Feds: Trio tried to smuggle drugs in batteries

BROWNSVILLE — Three people who authorities allege were involved in a scheme to transport narcotics concealed in tractor-trailer batteries were arraigned Wednesday at the federal courthouse in Brownsville.

Maria Elena Gonzalez De Olvera and Juan Carlos Delgadillo Tovar were apprehended by Department of Homeland Security Investigations special agents on Jan. 28 during the transfer of one of the batteries in a Home Depot parking lot in Brownsville, according to a criminal complaint filed in the case.

A third defendant, Juan Pablo Olvera, was charged alongside Gonzalez and Delgadillo in an indictment handed down by a federal grand jury on Feb. 18. All three defendants are charged with conspiracy to possess with intent to distribute more than 500 grams of cocaine and possession with intent to distribute approximately 7.7 pounds of cocaine.

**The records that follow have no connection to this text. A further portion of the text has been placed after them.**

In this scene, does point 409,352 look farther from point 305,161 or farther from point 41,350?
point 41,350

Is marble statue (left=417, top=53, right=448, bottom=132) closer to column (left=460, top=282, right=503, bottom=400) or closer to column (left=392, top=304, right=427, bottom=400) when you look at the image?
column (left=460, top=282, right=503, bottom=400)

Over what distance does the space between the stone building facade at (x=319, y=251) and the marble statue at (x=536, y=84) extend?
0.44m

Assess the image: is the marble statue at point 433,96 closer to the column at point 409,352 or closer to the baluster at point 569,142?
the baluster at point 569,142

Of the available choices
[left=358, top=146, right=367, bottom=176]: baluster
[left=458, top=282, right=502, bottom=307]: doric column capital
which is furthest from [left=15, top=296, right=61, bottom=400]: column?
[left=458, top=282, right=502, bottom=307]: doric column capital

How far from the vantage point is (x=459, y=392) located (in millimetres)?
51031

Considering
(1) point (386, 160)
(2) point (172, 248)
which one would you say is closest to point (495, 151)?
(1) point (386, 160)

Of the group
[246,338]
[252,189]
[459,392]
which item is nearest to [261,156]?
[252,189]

Olvera faces three additional counts of conspiracy to possess with intent to distribute more than 1 kilogram of heroin and more than 50 grams of methamphetamine, possession with intent to distribute approximately 52.44 pounds of heroin, and possession with intent to distribute approximately 10.1 pounds of methamphetamine.

All three defendants were ordered held without bond pending trial. They were arraigned before U.S. Magistrate Judge Ignacio Torteya, III on Wednesday afternoon in Brownsville.

Through counsel, each defendant waived the reading of the indictment and entered a plea of not guilty.

According to the complaint, HSI Brownsville initiated an investigation into a drug trafficking organization known to smuggle and transport narcotics into the United States concealed within commercial tractor-trailer batteries in May 2019.

On Jan. 28, HIS task force officers and deputies with the Cameron County Sheriff’s Office were conducting surveillance at a Home Depot parking lot in Brownsville when they witnessed two individuals, later identified as Gonzalez and Delgadillo, the document stated.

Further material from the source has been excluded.